# Maltese & Hot Weather



## Stelkia Maltese (Jun 3, 2008)

Do you think we should take Maggie out on the boat when it 95 degrees or leave her at home in the cool air conditioning?


----------



## Stelkia Maltese (Jun 3, 2008)

We decided to leave her at home. We won't be gone too long and I think she would be more comfortable. She is in full coat and she doesn't like to get in the water.


----------



## Furbaby's Mommie (Jul 10, 2004)

QUOTE (Stelkia Maltese @ Jun 29 2008, 12:18 PM) index.php?act=findpost&pid=598092


> We decided to leave her at home. We won't be gone too long and I think she would be more comfortable. She is in full coat and she doesn't like to get in the water.[/B]


Excellent decision :biggrin:


----------



## LJSquishy (Feb 27, 2008)

*It's probably best that you left her at home, it is EXTREMELY hot and dry here today.

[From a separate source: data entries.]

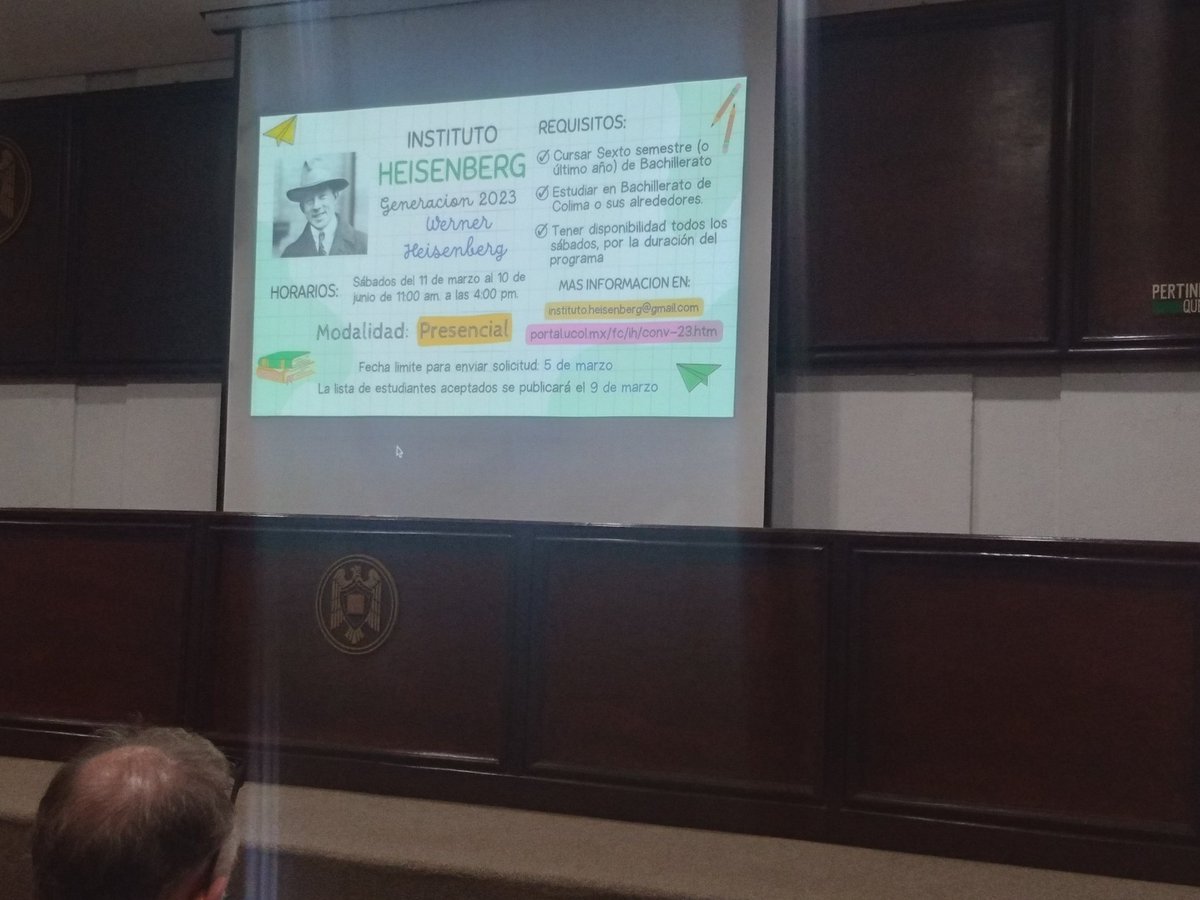 geo_dif's tweet photo. Que esperan para registrarse al @iheis de la @FCienciasUCOL .

Así podrán conocer al Paolo. https://t.co/MQQPdej9Sy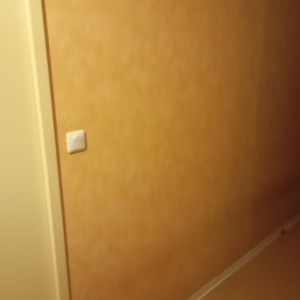 Photo de galerie - Pose de papier peint et peinture 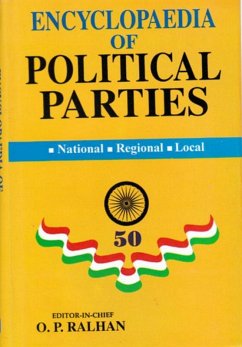 Cover Encyclopaedia Of Political Parties Post-Independence India (Bharatiya Janata Party) (eBook, ePUB)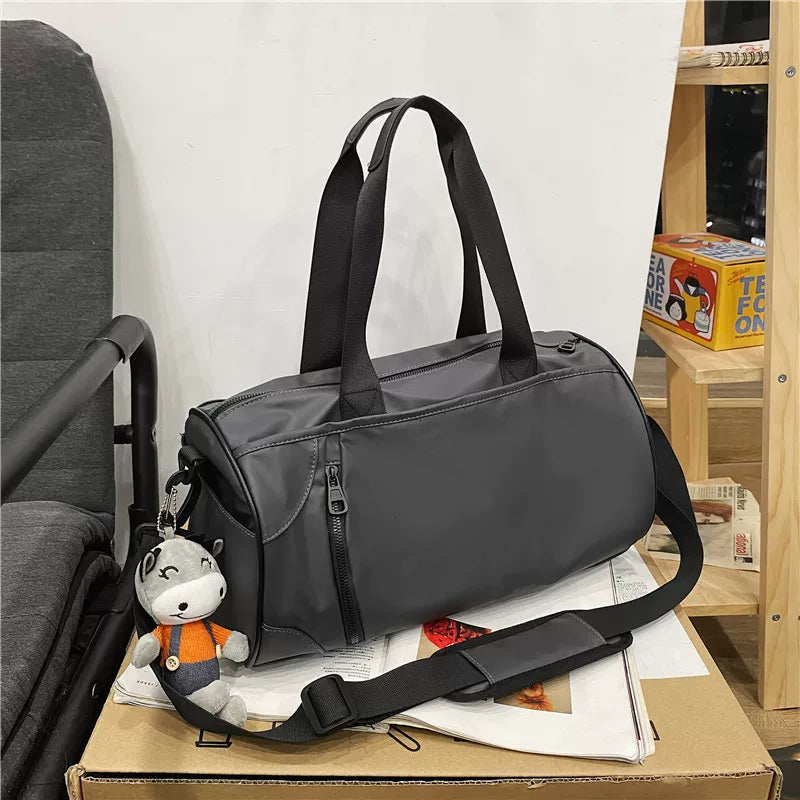 Small Travel Bag, Men'S Lightweight Waterproof Handbag, Women'S Dry And Wet Separation Sports Swimming Fitness Bag, Men'S Luggage Bag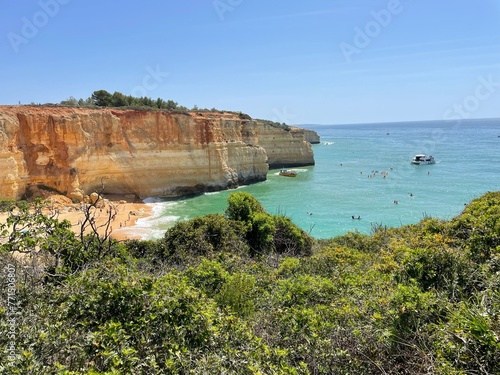 Benagil Beach, Portugal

If you're going to take her with you another time, though, I would get some doggy sunscreen for sure. They also make the cooling vests that might help her in the heat with her full coat.*


----------



## sassy's mommy (Aug 29, 2005)

We live in FL and have a nice boat. I have found that on hot days Sassy is much better at home napping than out on the boat, miserable.


----------



## CeeCee's Mom (Sep 14, 2006)

Yes, it was a good idea to leave her in on such a hot day, especially since she is in full coat!!!!!!


----------